(Host) A recent court ruling has called into question the fairness of the state property tax under Act 60. CommentatorJeff Wennberg thinks the implications are much bigger than the state admits.
(Wennberg) When the members of the Vermont Coalition of Municipalities gathered in Rutland Town last week, one would have expected a somewhat depressed mood. After all, the group was formed to bring about the repeal of Act 60 – or at least the statewide property tax upon which the law is based – and five years after passage, the law and the tax are still on the books.
But instead of being somber, attendees were eager to see the program. It wasn’t the debate between the Republican and Democrat candidates for governor that drew their interest; it was discussion of the Killington decision.

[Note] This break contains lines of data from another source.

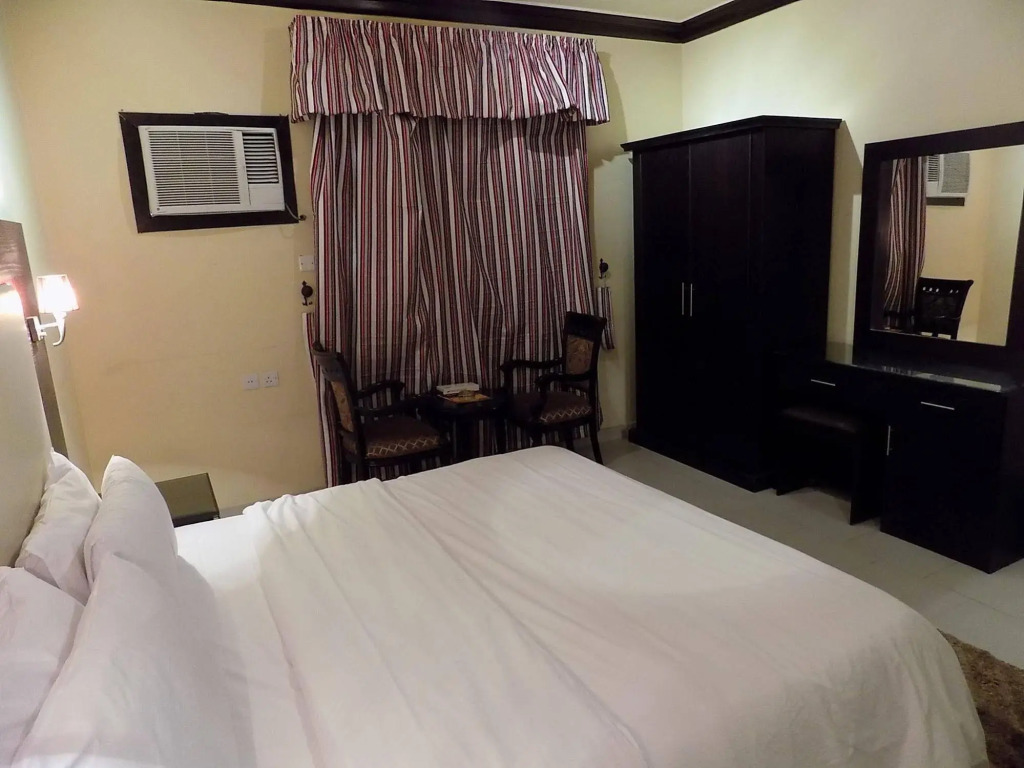 Al Yamama Palace Rawabi Branch (4)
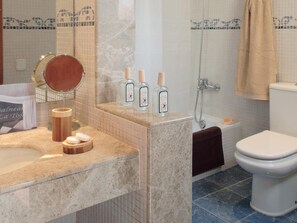 Ducha, secador de pelo y toallas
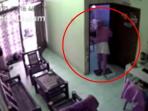 terekam-cctv_20160204_212910.jpg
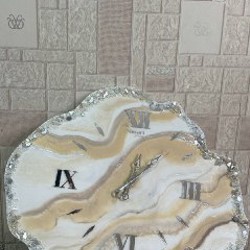 Часы из эпоксидной смолы - фото 2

On September 3, Superior Court Judge William Cohen issued a 53-page ruling on the Town of Killington’s appeal of their 1997 state property taxes under Act 60, and everyone in this room knew the Killington decision would have far-reaching consequences for Act 60’s future. Like so much dealing with Act 60, Judge Cohen’s decision reads like a doctoral thesis in statistics. But his conclusions are unequivocal. He wrote:
“In light of the overwhelming evidence in this case, this court finds that the methodologies used by the State in the 1997 equalization study were arbitrary and capricious, and that their application constituted an abuse of discretion granted to the Commissioner of Taxes.”
Judge Cohen acknowledges that, “mathematical exactitude is not required; equity and fairness are.” But goes on to state, “. . . the evidence in this case leads to the inescapable conclusion that the State’s methodologies used in 1997 were about as rational as rolling dice.'”

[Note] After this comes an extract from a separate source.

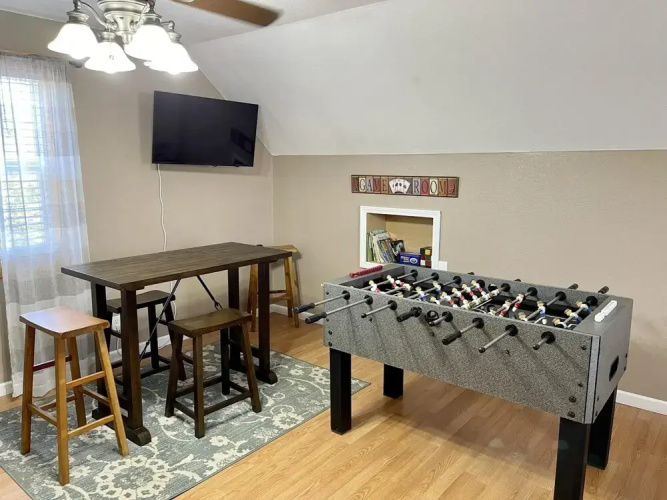 Blue Rooster Inn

The decision totally strips away the fa ade of fairness that has allowed Act 60 advocates to claim that all taxpayers and towns are treated the same. Thanks to the state’s unreliable system of equalizing’ property appraisals between communities, huge disparities persist. In one example the Judge compared two equivalent taxpayers in Dover and Brunswick, and concluded that one could have paid twice as much in state education taxes as the other.

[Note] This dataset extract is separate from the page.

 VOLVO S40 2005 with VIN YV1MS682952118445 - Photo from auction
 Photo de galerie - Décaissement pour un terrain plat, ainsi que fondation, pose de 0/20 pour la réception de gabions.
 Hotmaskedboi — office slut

Administration officials claim that the ruling has no impact outside Killington. This is a bit hard to understand since the inequities are the result of unreliable methods used throughout Vermont. The Administration says the problems have been corrected since 1997. But of seven specific failures identified in the state’s Act 60 methodologies, six are still in use.
In response to the state’s denial that Vermont’s methods are fatally flawed, the Coalition intends to press the point. They will encourage every selectboard in every town to appeal the state’s determination of next year’s property values, just as Killington did in 1997. Using a single attorney to represent the group, they will seek a ruling that forces the issue state-wide.
This is Jeff Wennberg in Rutland.
Jeff Wennberg is a former mayor of Rutland.